- RECORDS FOR THIS EXERCISE -
┄┄┄┄┄┄┄┄┄┄
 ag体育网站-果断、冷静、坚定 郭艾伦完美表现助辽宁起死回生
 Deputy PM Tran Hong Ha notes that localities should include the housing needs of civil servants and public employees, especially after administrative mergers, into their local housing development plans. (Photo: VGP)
┄┄┄┄┄┄┄┄┄┄
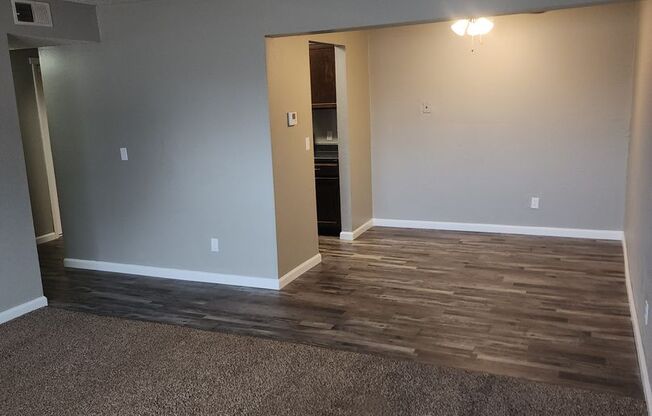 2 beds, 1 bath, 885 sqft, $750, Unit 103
┄┄┄┄┄┄┄┄┄┄
- WHAT IS EXPECTED -
Reproduce, exactly as they stand in the data above, the lines from the one that holds "ag体育网站-果断、冷静、坚定 郭艾伦完美表现助辽宁起死回生" to the one that holds "Deputy PM Tran", inclusive.

- RESPONSE AREA -
 ag体育网站-果断、冷静、坚定 郭艾伦完美表现助辽宁起死回生
 Deputy PM Tran Hong Ha notes that localities should include the housing needs of civil servants and public employees, especially after administrative mergers, into their local housing development plans. (Photo: VGP)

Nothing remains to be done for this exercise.